● Action item
Nothing but the pictures may be dropped; the rest of the listing is to be written out exactly.

● Exercise data
--
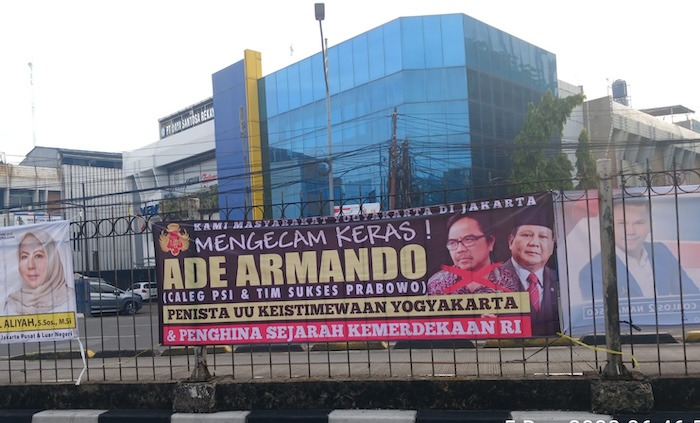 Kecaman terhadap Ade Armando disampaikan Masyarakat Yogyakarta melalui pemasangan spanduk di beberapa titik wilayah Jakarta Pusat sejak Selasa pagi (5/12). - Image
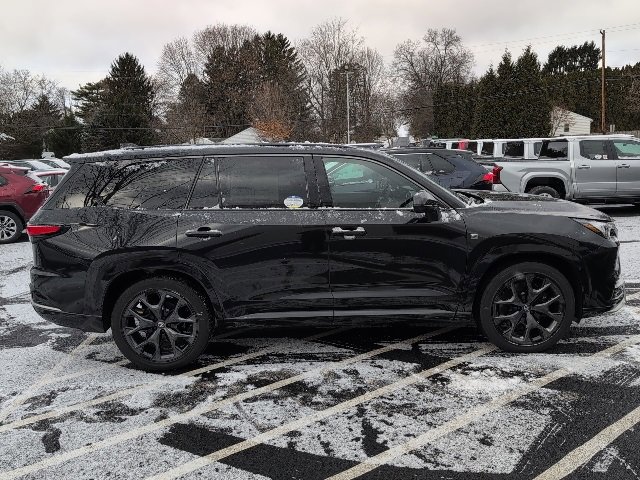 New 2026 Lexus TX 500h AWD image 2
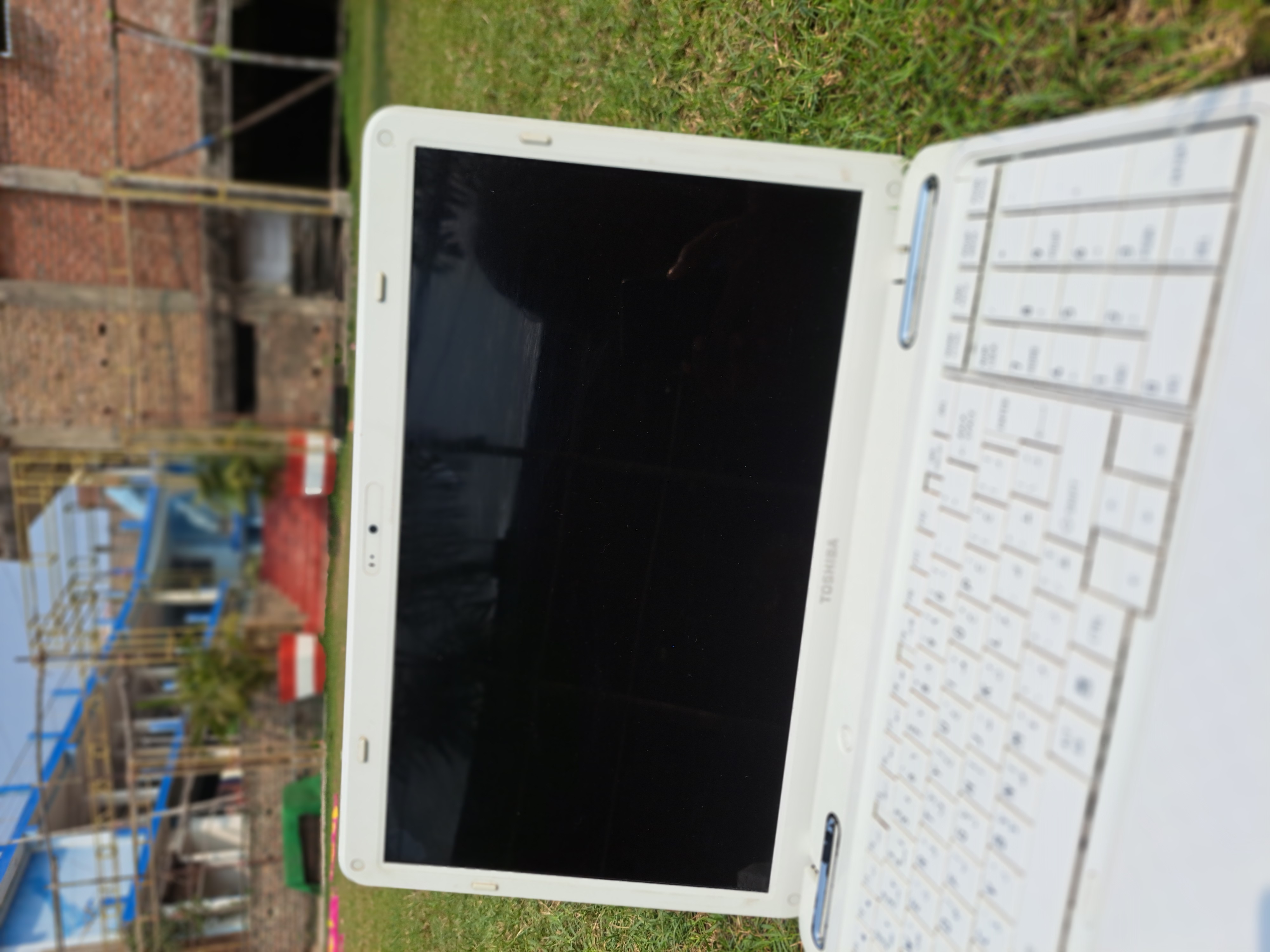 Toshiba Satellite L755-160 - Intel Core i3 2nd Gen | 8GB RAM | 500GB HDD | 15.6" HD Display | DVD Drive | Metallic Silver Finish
--
● Solution to this exercise
 Kecaman terhadap Ade Armando disampaikan Masyarakat Yogyakarta melalui pemasangan spanduk di beberapa titik wilayah Jakarta Pusat sejak Selasa pagi (5/12). - Image
 New 2026 Lexus TX 500h AWD image 2
 Toshiba Satellite L755-160 - Intel Core i3 2nd Gen | 8GB RAM | 500GB HDD | 15.6" HD Display | DVD Drive | Metallic Silver Finish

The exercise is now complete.